━━ Input data ━━

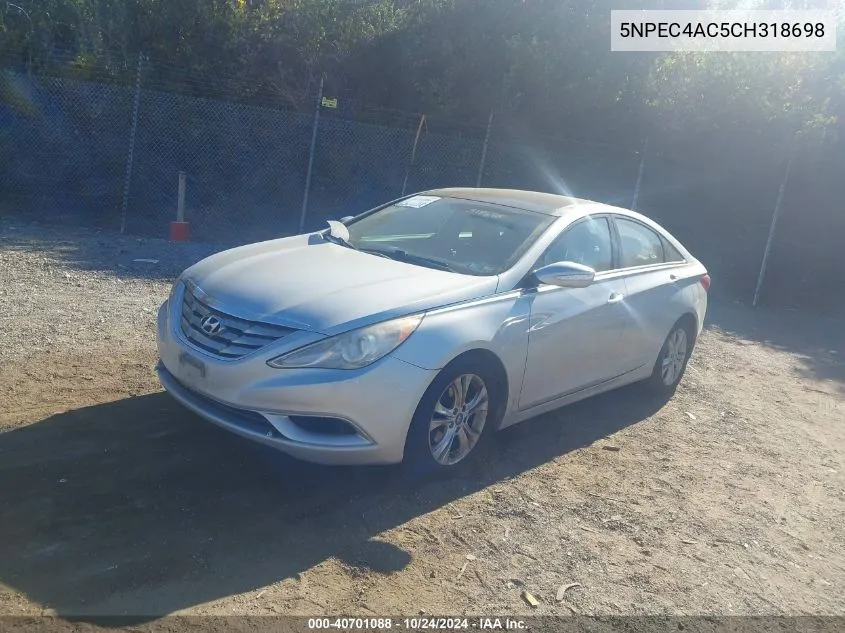 2012 Hyundai Sonata Limited VIN: 5NPEC4AC5CH318698 Lot: 40701088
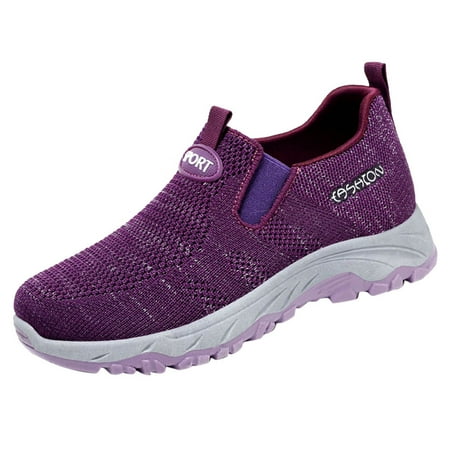 

Sneakers for Women Fashion Summer And Autumn Women Flat Bottom Mesh Breathable Slip On Lightweight Comfortable Slip On Womens Sneakers Chemical Fiber Purple 38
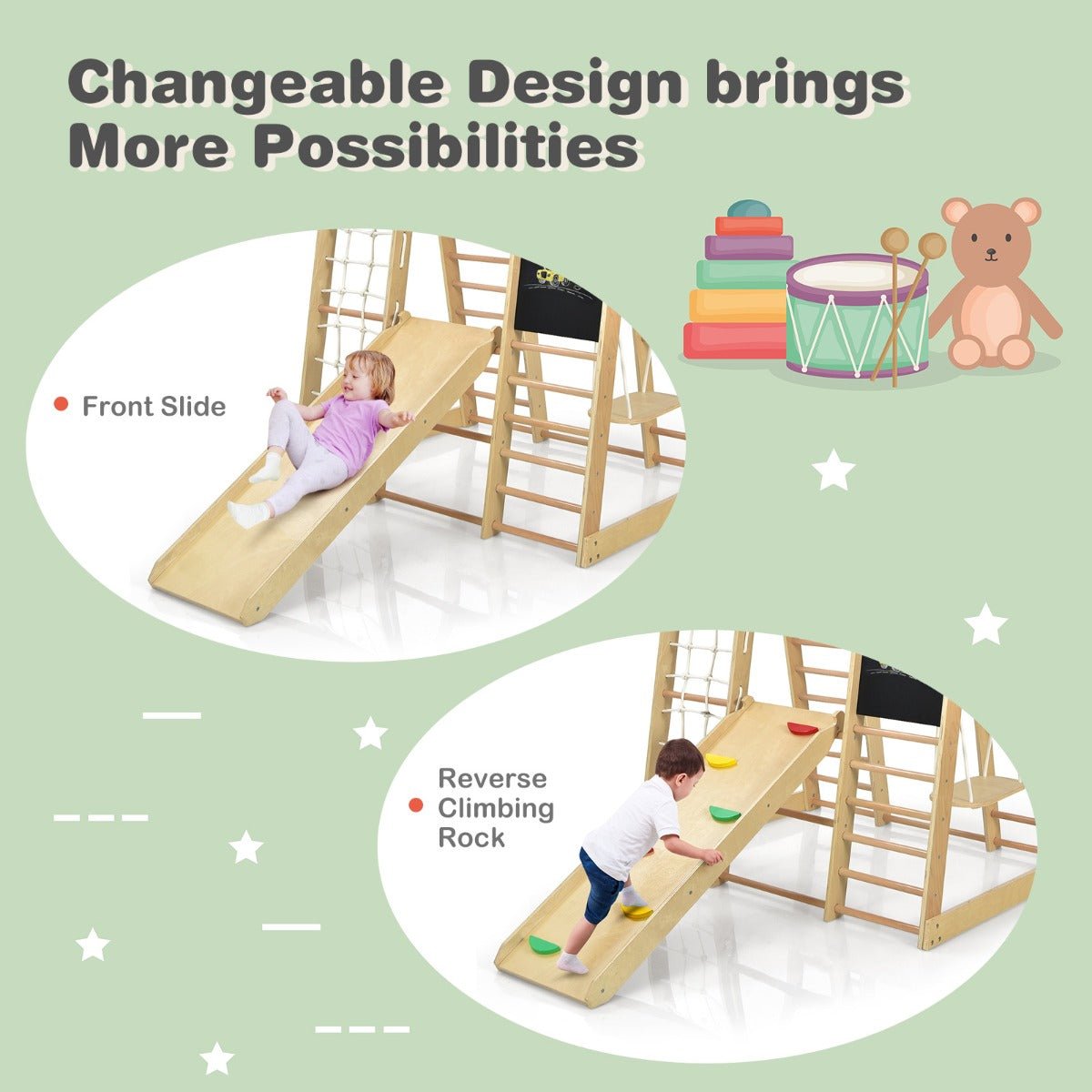 Childhood Delight: 8-in-1 Wooden Climbing Playset with Slide and Drawing Board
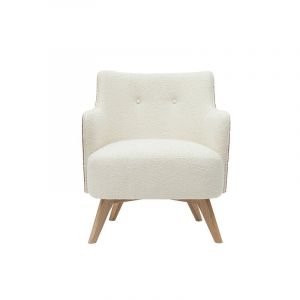 Image de Miliboo Fauteuil scandinave en tissu effet laine boucl&eacute;e et bois VALMY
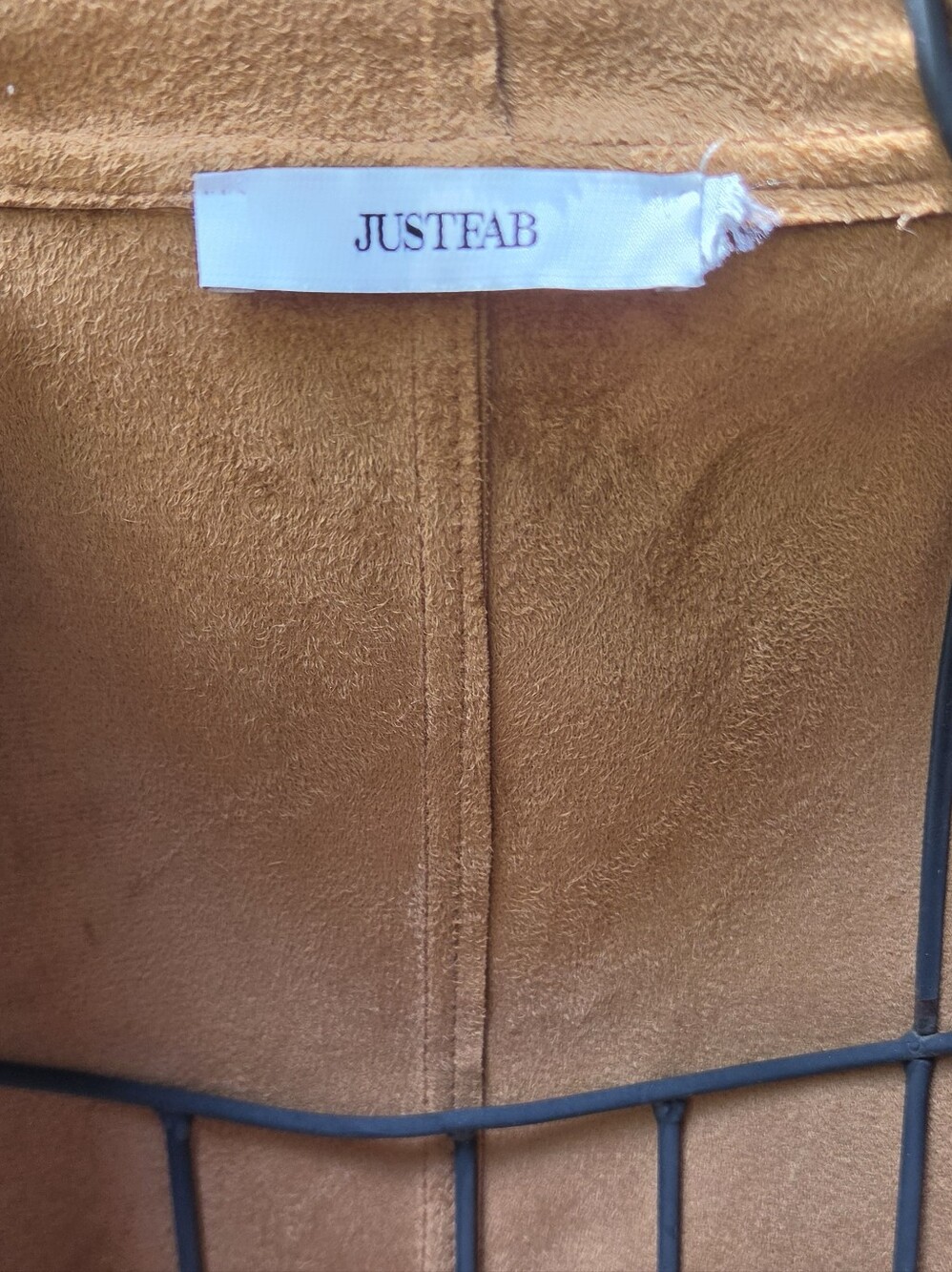 JustFab Cognac Brown/tan Faux Suede Draped Leather Jacket SzL - Picture 13 of 13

━━━

Each of the entries above must be copied exactly, but the pictures stay out.

 2012 Hyundai Sonata Limited VIN: 5NPEC4AC5CH318698 Lot: 40701088

Sneakers for Women Fashion Summer And Autumn Women Flat Bottom Mesh Breathable Slip On Lightweight Comfortable Slip On Womens Sneakers Chemical Fiber Purple 38
 Childhood Delight: 8-in-1 Wooden Climbing Playset with Slide and Drawing Board
 Image de Miliboo Fauteuil scandinave en tissu effet laine boucl&eacute;e et bois VALMY
 JustFab Cognac Brown/tan Faux Suede Draped Leather Jacket SzL - Picture 13 of 13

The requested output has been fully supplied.